Major League Mindset
This week we are featuring David Gonzalez as a guest author for the blog. David is a student of the mindset game and a client of JP Bonifas Coaching. In his current role, David sells enterprise software solutions to Fortune500 companies where he consults C-Suite executives on digital transformation initiatives. He attributes much of his professional success to the mindset developed throughout his career as a high school wrestler. I love Dave’s creativity and writing style. This blog post started as a text message thread and I encouraged Dave to develop it into an article. Dave has a way with words and I believe when he finds his rhythm and consistency he will be one of the top follows on substack. Follow him now if you want to be early to his insights and creative process! Enjoy.
Back when you played little league ball, what did coaches tell you when you had a 3-0 count
(three balls, no strikes)?
Most of them said, “Don’t swing! Take all the way and make him throw a strike.”
It made sense even then because humans know a safe bet when we see one. If the pitcher
misses, you get a free pass to first. He throws a strike — you still have two chances.
The same 3-0 strategy prevailed, even at the major league level.
It became so obvious that pitchers recognized they could throw easy strikes without much risk.
In 2019 MLB pitchers were 21.2% more likely to throw a fastball over the heart of the plate on a
3-0 count than a 3-1 count. In other words, batters are more likely to get a floater right down
Broadway on 3-0 than any other count. Yet conventional baseball wisdom passed down from
generation to generation would tell them the same thing: “Don’t swing. Take all the way.”
Wait a minute… aren’t floaters right down Broadway the easiest to launch into the lithosphere?
Of course they are! MLB hitters collect extra-base hits 13% of the time they swing on 3-0
pitches compared to 4.7% of all generated swings.
Talk about a high-upside, low-risk brisket hiding in plain sight –– an easy change in mindset that
produces wildly better outcomes.
How often do you see similar scenarios play out in daily life? Scenarios where you have your
opponent against the ropes and instead of throwing a possible knockout punch, you bide your
time, hoping they make a mistake that puts you in only a slightly better position to win?
Maybe you’re wrestling freestyle. You’re owning the center and slowly crowding your opponent
out of bounds.
Your coach hollers, “stay low, keep crowding, get your ONE!”
Get 1? In the perfect moment to go for two or more? That’s conventional wisdom.

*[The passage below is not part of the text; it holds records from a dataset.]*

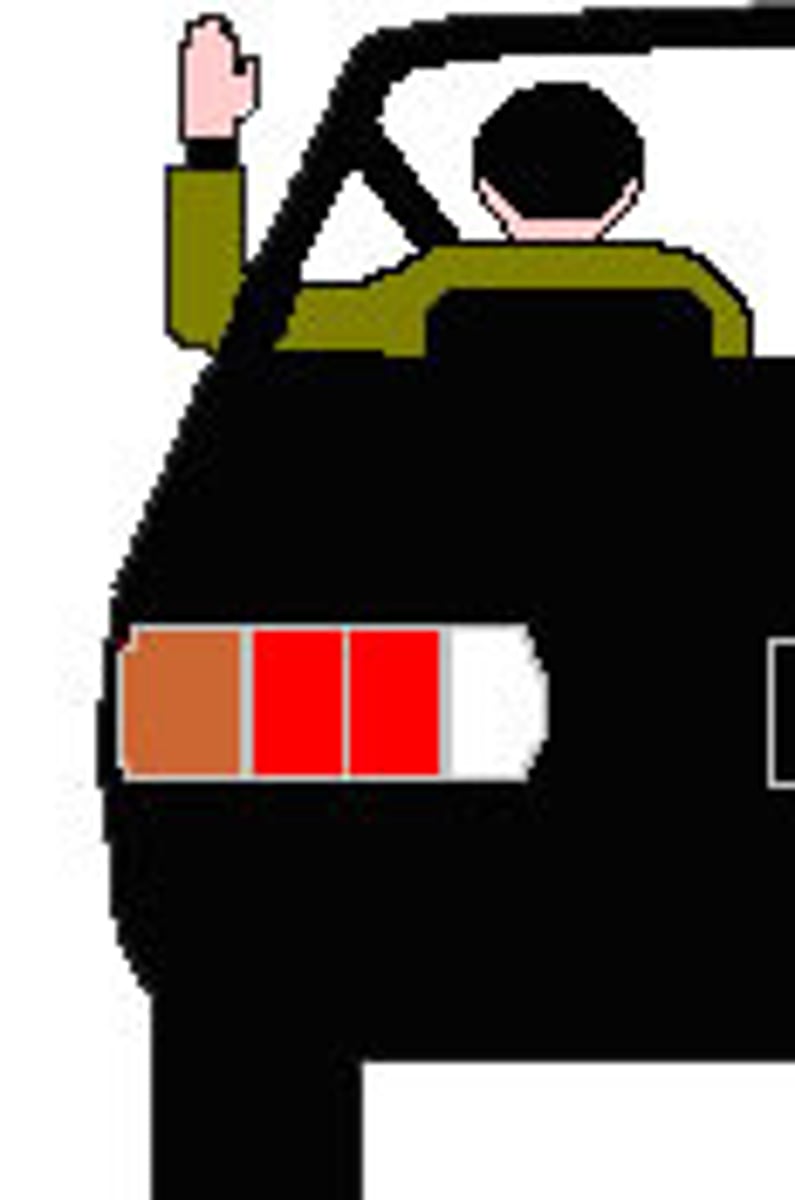 <p>this indicates the driver is:</p>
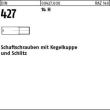 DIN 427 14 H M 10 x 50 S Produktbild
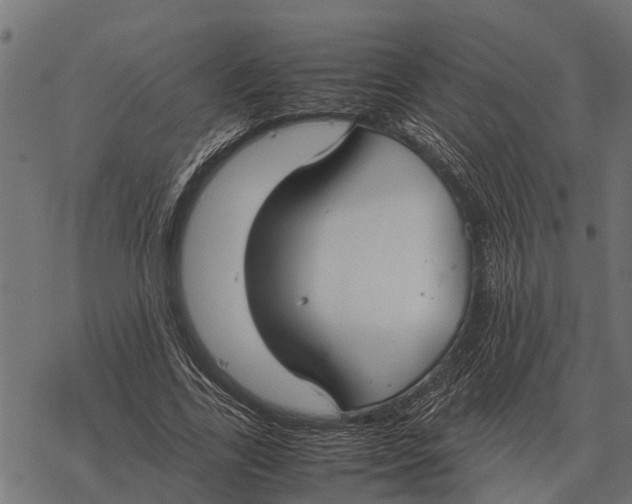 X0000067950731200605041825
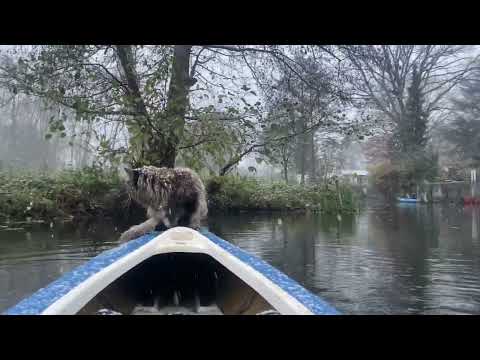 Maine Coon Cat Louis kayaking in snowfall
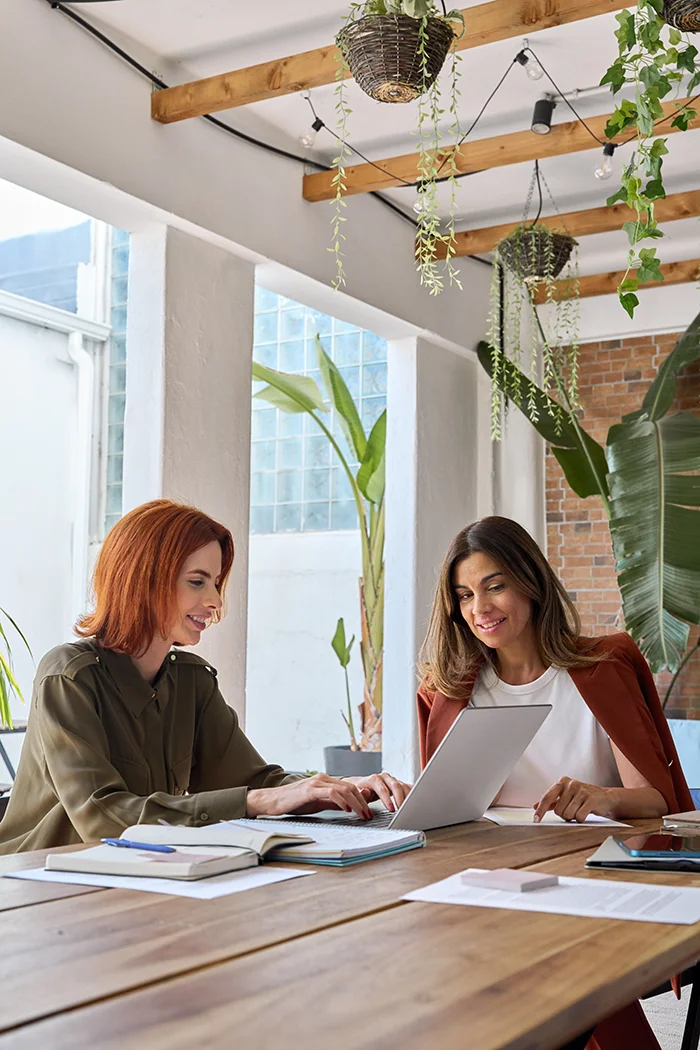 two-female-executives-talking-about-work-computer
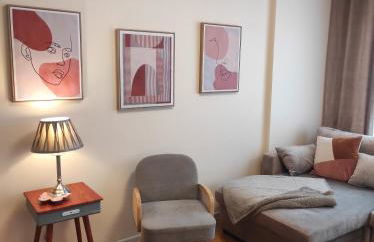 Appartements F3 Design Colmar+parking free - Foto 6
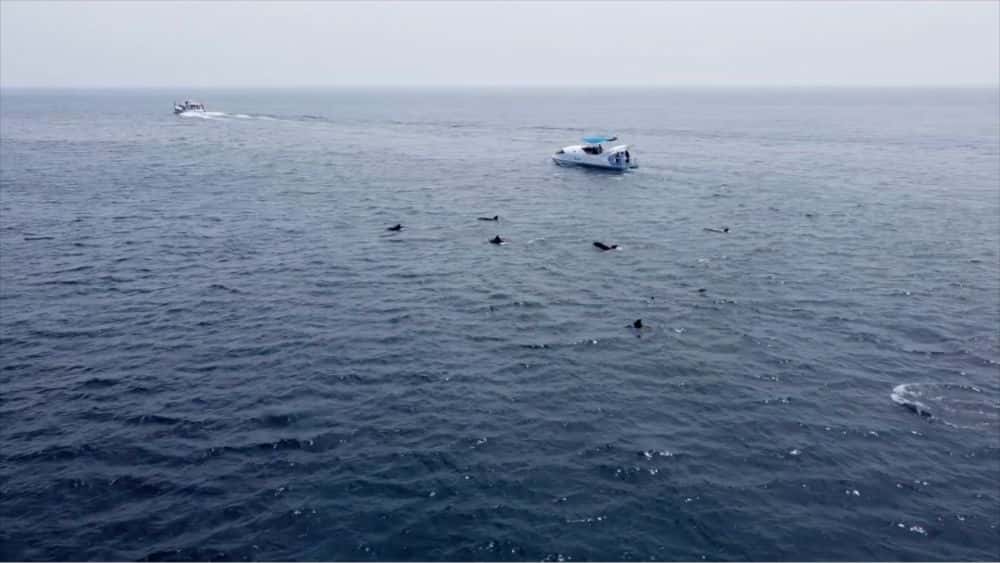 Jeju Hamo Dolphin Tour1
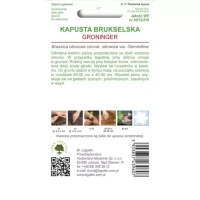 Brukselka Groninger 1 g Legutko tył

Strategic wisdom says, “Keep hollerin’ coach because I want him to think I’m going for one. But
we both know I’m going for more ‘cause there might not be a better time than now.”
Want an example from the business realm? I’ll give you one from my experience selling to
executives at Fortune500 companies.
Your phone lights up. It’s a prospect you’ve been hunting for months. You answer the phone
and they’re ready to buy NOW. By the end of the conversation, they’re asking for a contract to
pass along to legal.
Conventional wisdom would have you send them the contract with your standard pricing and
close the deal on the spot.
Strategic wisdom whispers, “You’re looking at a 3-0 count here. Sure, there’s a small deal on
the table, but dare to look for a bigger one…especially if you get a good pitch.”
So you resist the irresistible and withhold the safer, smaller deal –– for the time being –– and
ask them to give you a better description of what’s driving their decision and what they’re hoping
to achieve. How they respond may be the difference between adding another zero to the total
contract value.
Or it could reveal the opposite –– that the deal on the table is the best you’re going to get.
The point is not that you always swing.
It’s that you’re always prepared to swing, especially when the odds are in your favor.
And that, my friends, is how we win in baseball and in life.